Corollary 2 and Corollary 3 provide a method to ensure that the global information is a consistent aggregation of local information. Specifically, if the problem domains in all local fuzzy approximation spaces are pairwise disjoint, then the global knowledge structure delineated via the lower inverse (or upper inverse) model of variable precision FT-rough sets in the global fuzzy approximation space is the composition of the local knowledge structures.

5. Conclusions

This paper introduces the variable precision FT- rough set model and its properties, as well as the knowledge structure delineated by the lower (upper) inverse operator based on this model.

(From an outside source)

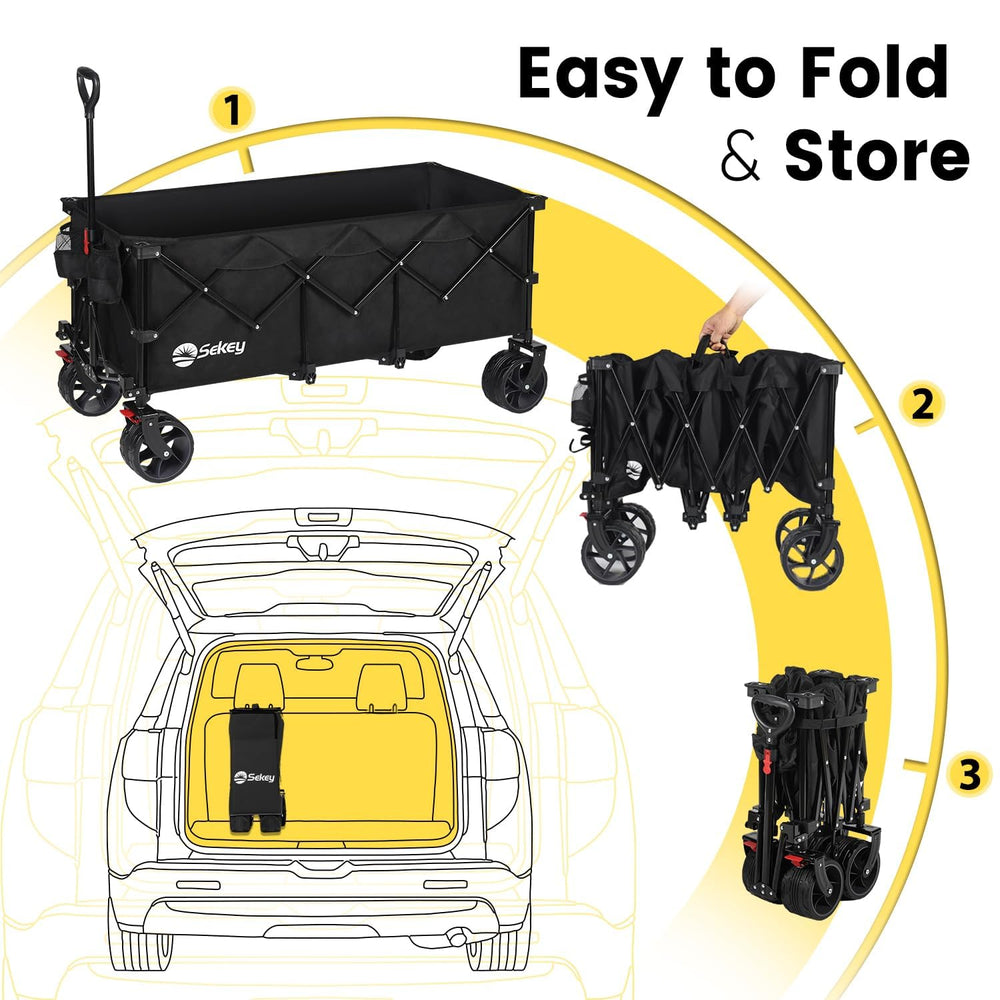 Sekey wagon handle with two mesh cup holders for hands-free drink storage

On this basis, the conditions for the composability of the knowledge structure delineated by the lower (upper) inverse operator of the variable precision FT- rough sets are studied. Meanwhile, the conditions under which knowledge structures constructed from local fuzzy approximation spaces can be composed into those built from global fuzzy approximation spaces are investigated. Future work explores the necessary and sufficient conditions for composing knowledge structures into a well-graded one, along with the construction of learning paths. Additionally, the composability of dynamic knowledge structures is a promising research direction.